Judging by the faces and everyone leaning forward, it appeared that everyone in the audience seemed interested in the answer. Although the panelists did a good job explaining how manufacturers help educational makerspaces, the majority of the audience seemed to want more.

So I raised my hand and the moderator asked, do you have a question. “No, can I further answer the previous question?” She said go ahead. Afterwards, I had over 20 makerspaces including NASA Langley wanting my help to boost their makerspaces growth. Now I am being asked to counsel and coach makerspaces all over the country.

To help more makerspaces grow, here are eight ways makerspaces can better partner with manufacturing and leverage the enormous potential to their advantage.
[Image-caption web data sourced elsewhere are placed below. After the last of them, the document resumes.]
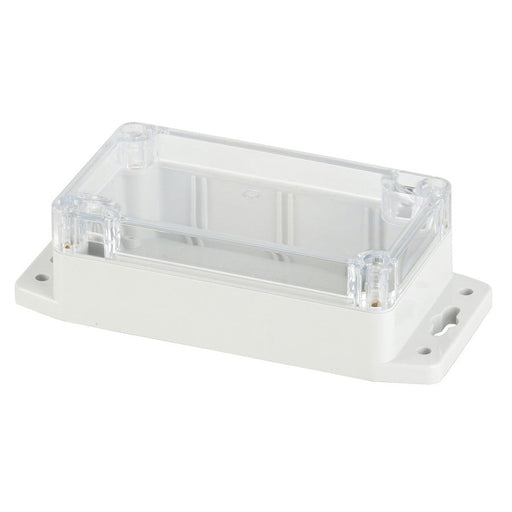 IP65 Sealed Polycarbonate Enclosure with Mounting Flange - 115(W) x 65(D) x 40(H)mm - Folders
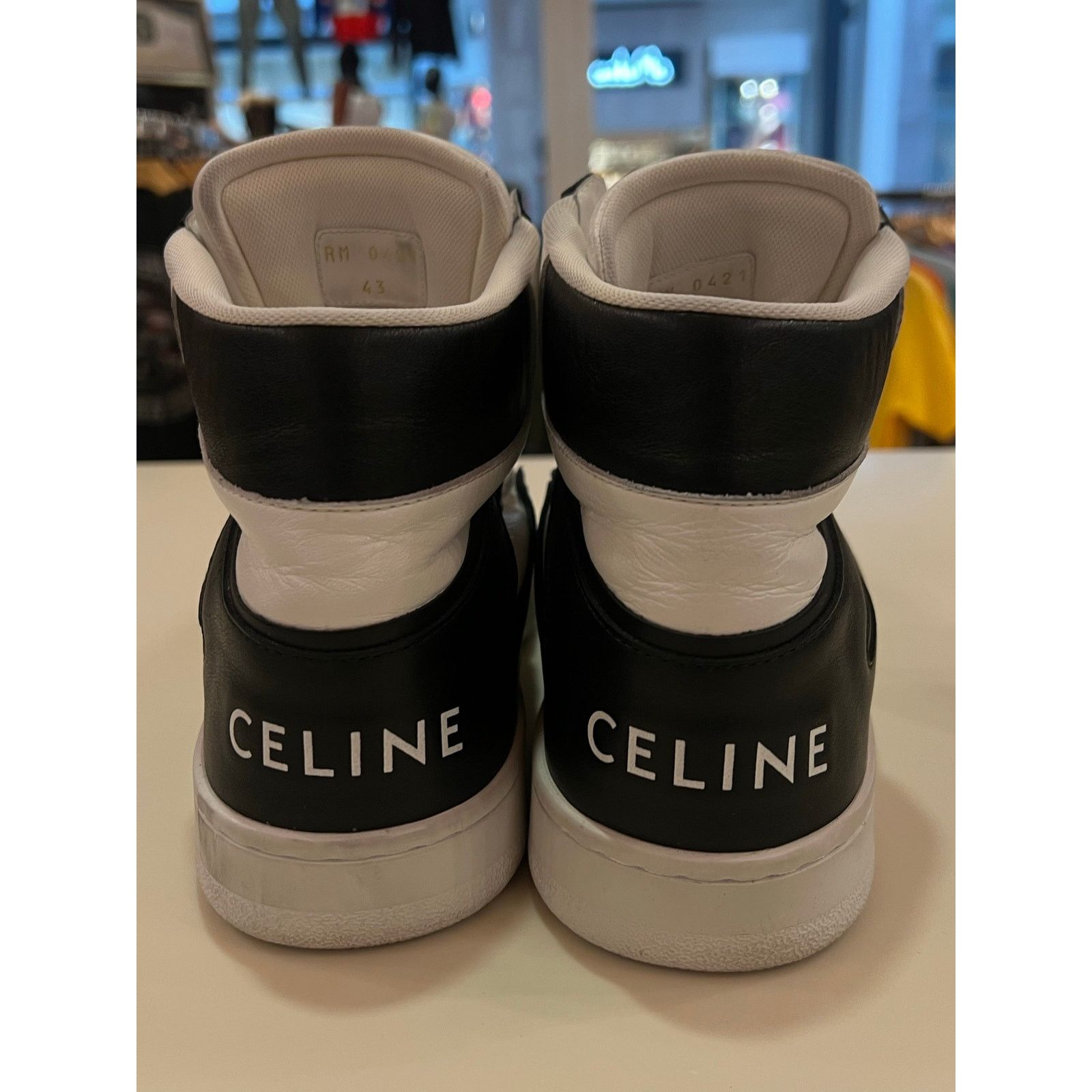 Celine Celine CT-01 Z Black White Leather Trainer Sneaker Size 43 Size US 10.5 / EU 43-44 - 6 Thumbnail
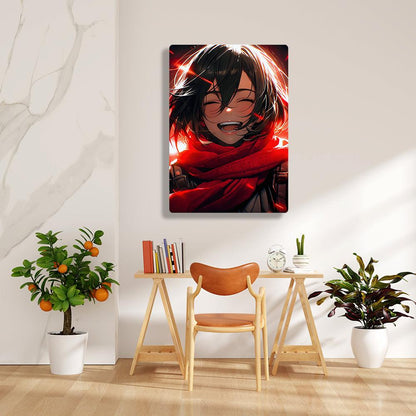 Mikasa Ackerman - Attack On Titan - Metal Poster - Losstail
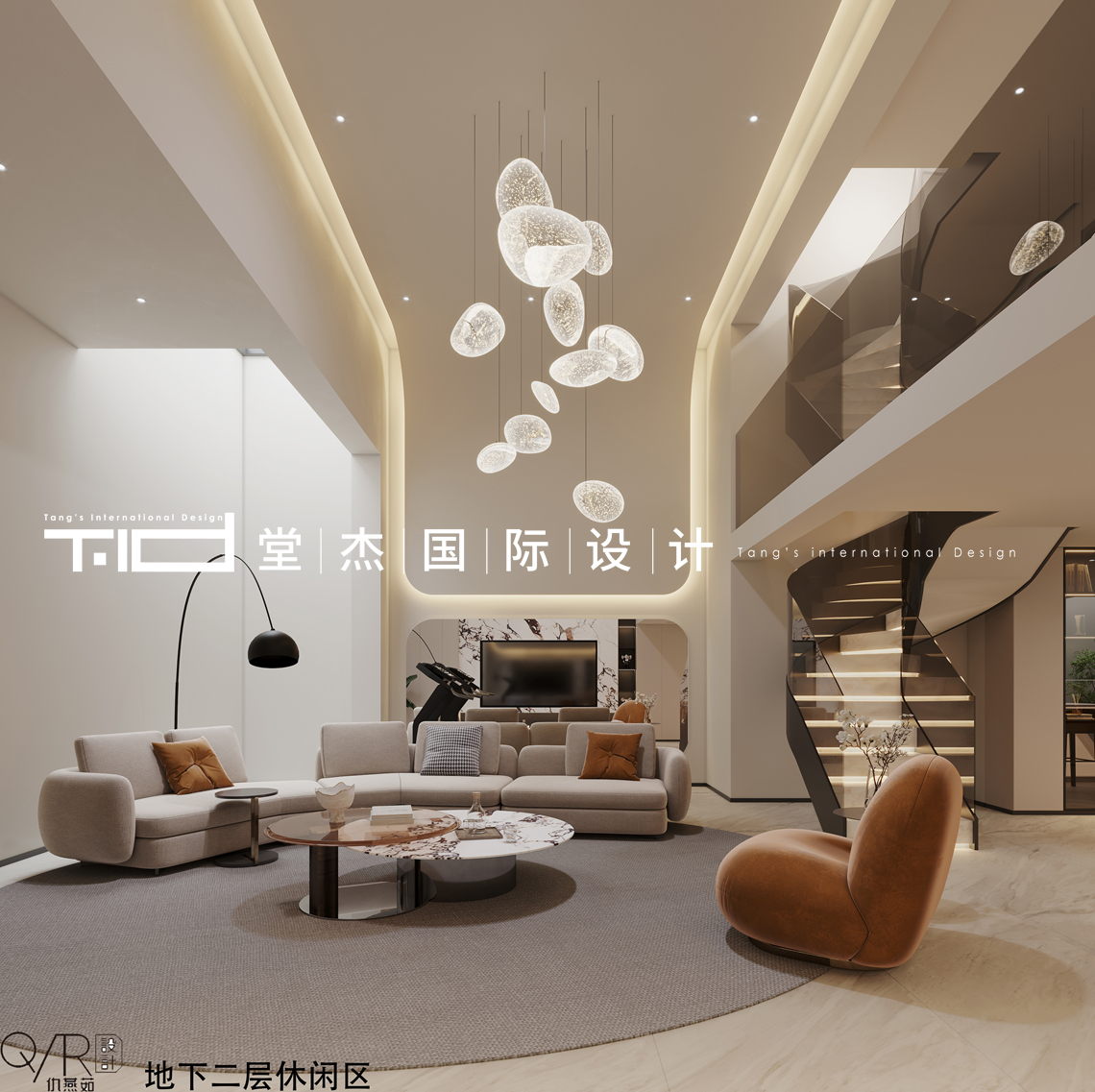 现代风格-融创壹号院-别墅-262平-装修效果图装修-别墅-现代简约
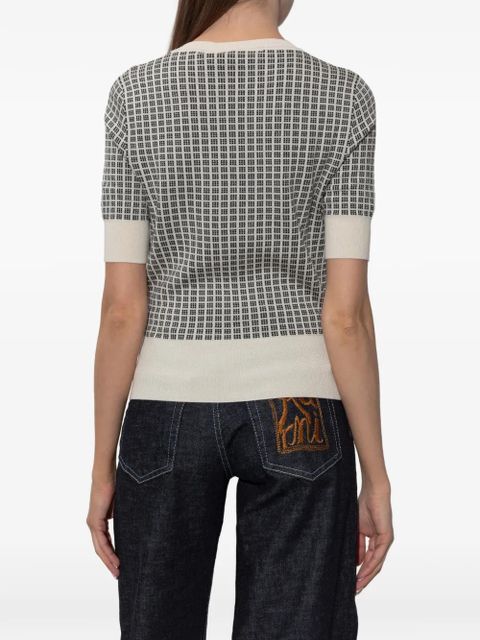 Marni checked top - Neutrals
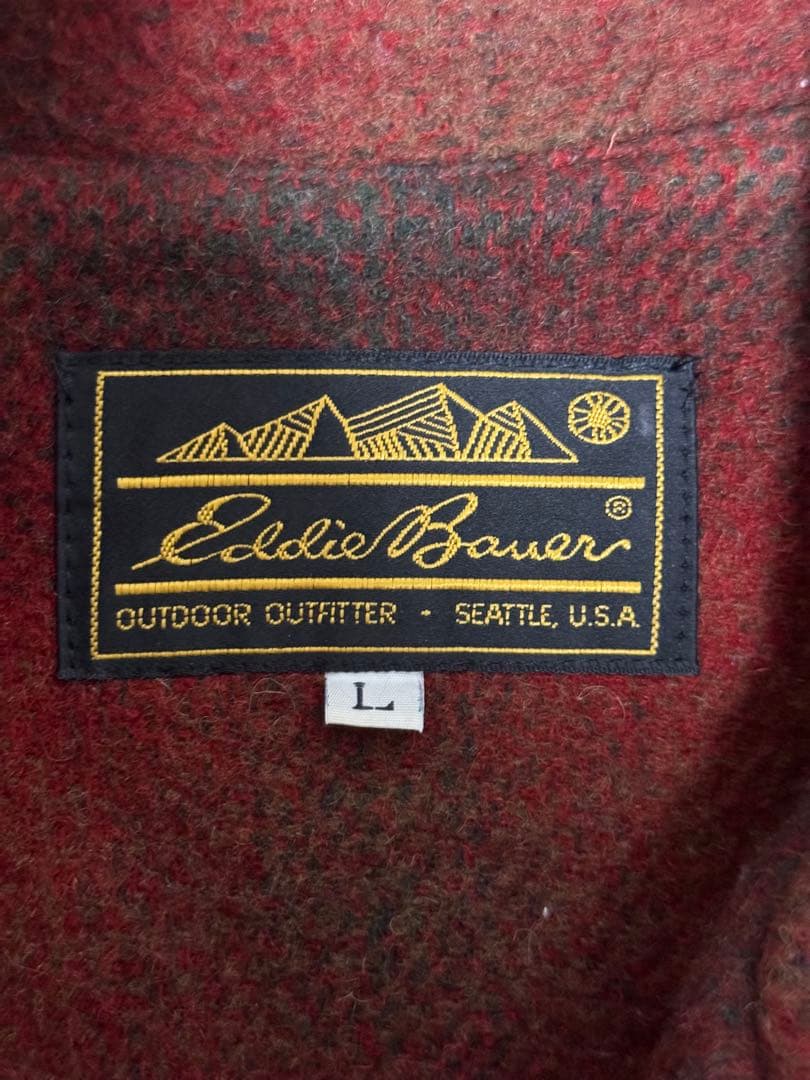 80s エディバウアー オンブレウールジャケット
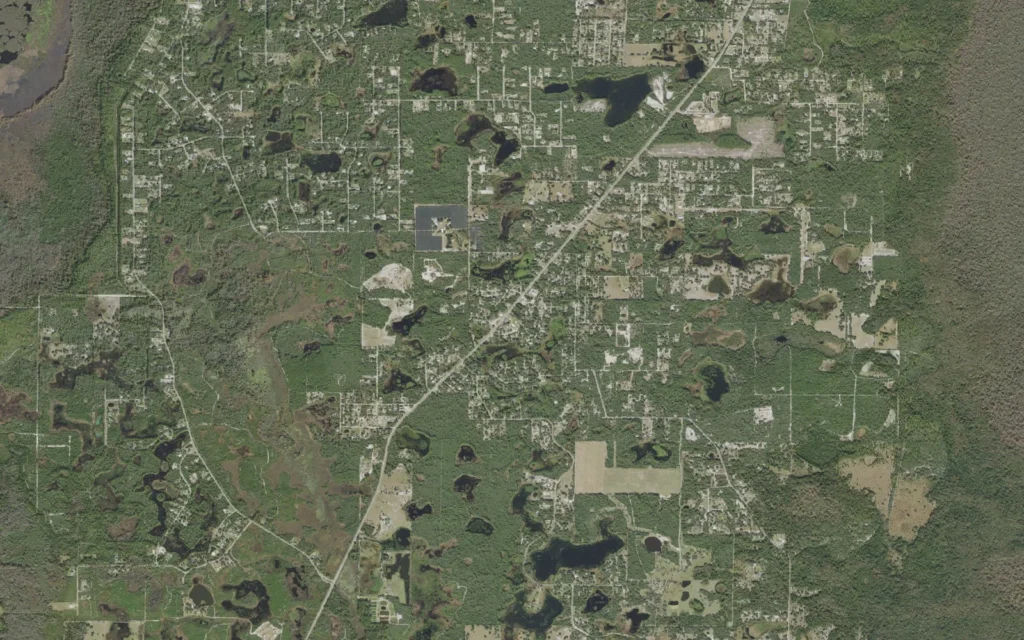 HVAC service area in Pine Lakes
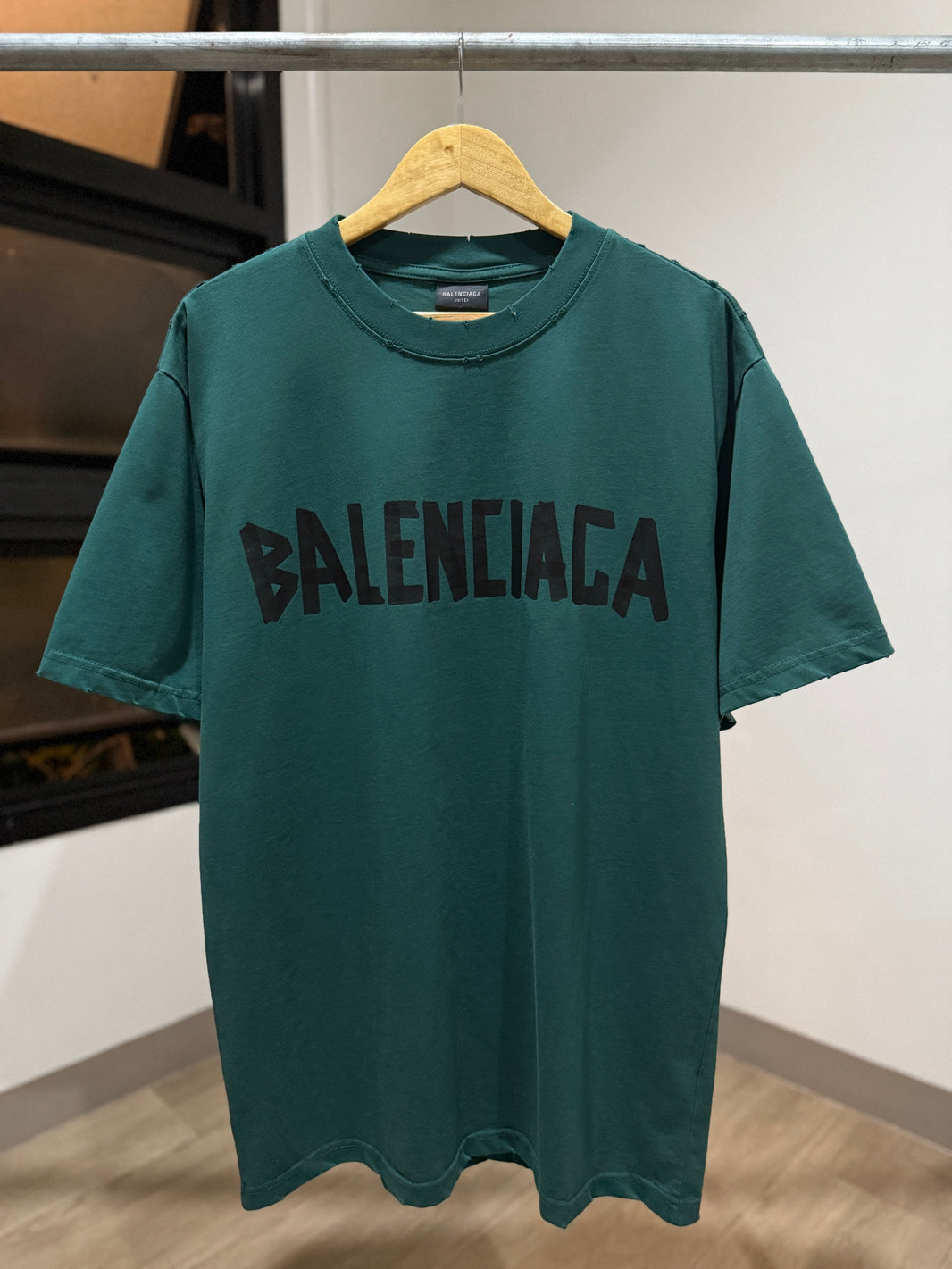 Balenciaga Tape Type T-Shirt (Green)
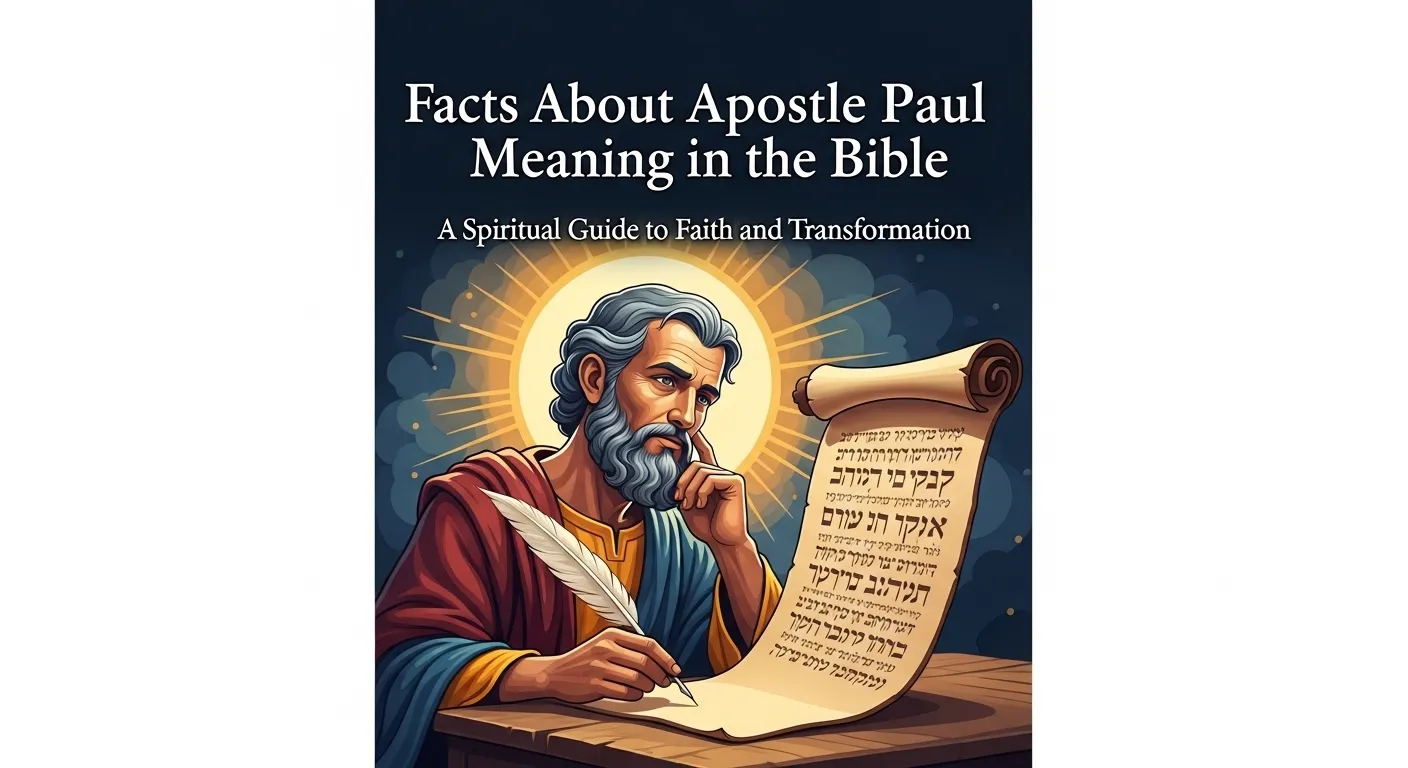 Facts About Apostle Paul Meaning in the Bible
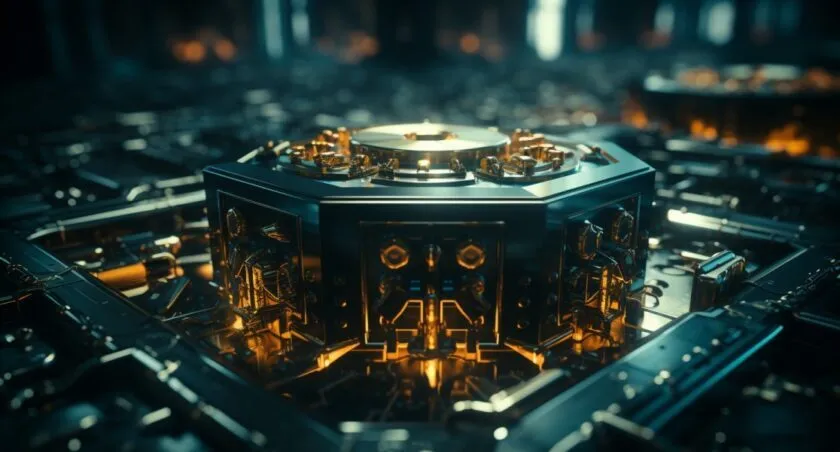 Bitcoin Being Secured In A Digital Vault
1. Create a Call for Equipment List

Have you created a master dream list of future equipment you want to acquire for your makerspace? When you are doing something good, like running a makerspace, the world will often conspire to help you if properly instructed how to do it. So it is very important to work with your membership and find out what they want to build and what equipment and resources are desired.

2. Partnering with the Chamber of Commerce

Have you reached out to your local Chamber of Commerce? Naturally, the chamber will want you to become a member before lifting a finger for you. But perhaps you can convince them that you are now a new resource to help with recruitment and retention of new and current businesses. Later, after you have increased your income, you can become an official member. Chambers can connect you to their manufacturing counsels, help promote your open houses, large events, training classes, and circulate your call for equipment lists. Also you need to find out who in your area is responsible for Economic Development and Retention. Having them as an advocate can help you grow and be a resource.

3. Birds of a Feather… Can Help You Soar Together.

Are you connected with area engineering associations, civic groups, and other professional associations? I highly encourage you to research your area and speak to these groups and invite them to tours of your makerspaces. Rotary, Kiwannas, Jaycees, and Civitan Chapters can help you uncover future donors of equipment, sponsors, and members. Also engineering associations like Society Manufacturing Engineering, Association for Facilities Engineering, International Facilities Management Association, and National Association Manufacturing chapters can be critical in locating much needed equipment, skills, and talented members for your makerspace.

4. Those Who Dine Together Become Friends Together

Host large dinners. What are you planning on doing for National Manufacturing Day? Why not host a Silo Busting Roundtable Maker Summit and invite different groups of your area to participate. Invite Academic, Business, Finance, Government, Art, Community and student  Leaders to sit together and discuss issues relating to making and manufacturing. Amazing the dialogue that can happen when that occurs. You may be able to find food trucks or area restaurants to donate their services and food to help.

5. Host STEM Job Fairs

On Ultimate Pi Day on March 14, 2015, I hosted a STEM related job fair and started at 9:26 and 53 seconds to correspond with job fair. We had over 200 candidates come in the rain on a Saturday to meet with 20 employers who had over 80 jobs that day. Over 20 people got hired from that event and several were extended jobs that same day.

6. Why Buy an Ad When You Can Be the News?  

Planning a major event at least once a quarter can make you newsworthy and continue to grow your makerspace mindshare in the public arena. Again continue to circulate your call for equipment lists in every media outlet possible. A makerspace got truckloads of equipment when a local manufacturer was purchased by an international firm and had to get rid of old equipment. Well that was new equipment to the makerspace and some of it was sold and generated over $20,000 in revenue.

7. Lifting Others Helps Lift Your Makerspace

Adopt a local STEM Sports Team. Robot clubs, Skills USA, and Shell Ecomarathon teams (for example) from area high schools need more mentorship, training classes, and funding to attend state and national competitions. A makerspace can provide the guidance and assistance to help these talent pools of potential engineers and technicians to compete at optimal levels. Also these community support activities can help justify receiving future grants and community support from your city. These kids and parents may also want to become official members of your makerspace.

8. Turn Fools into Geniuses

Host Inventors Lift Off Workshops — Inventors are called fools when they first get started, but once they make money they are often called geniuses. That is why I hosted a 3 day workshop starting on April Fools Day in 2015. By helping makers become in tune to patent laws, marketing strategies, business development and investment strategies, many were able to move to next level of their growth.

Makerspaces need not fear or be adversarial to manufacturing because manufacturers could become their supporters, sponsors, equipment providers, and perhaps employers to their members. They may even decide to subcontract technical projects to the makerspaces.

Hope this article helps more makerspaces flourish because the future prosperity of our nation’s economy greatly depends on the success of the maker movement!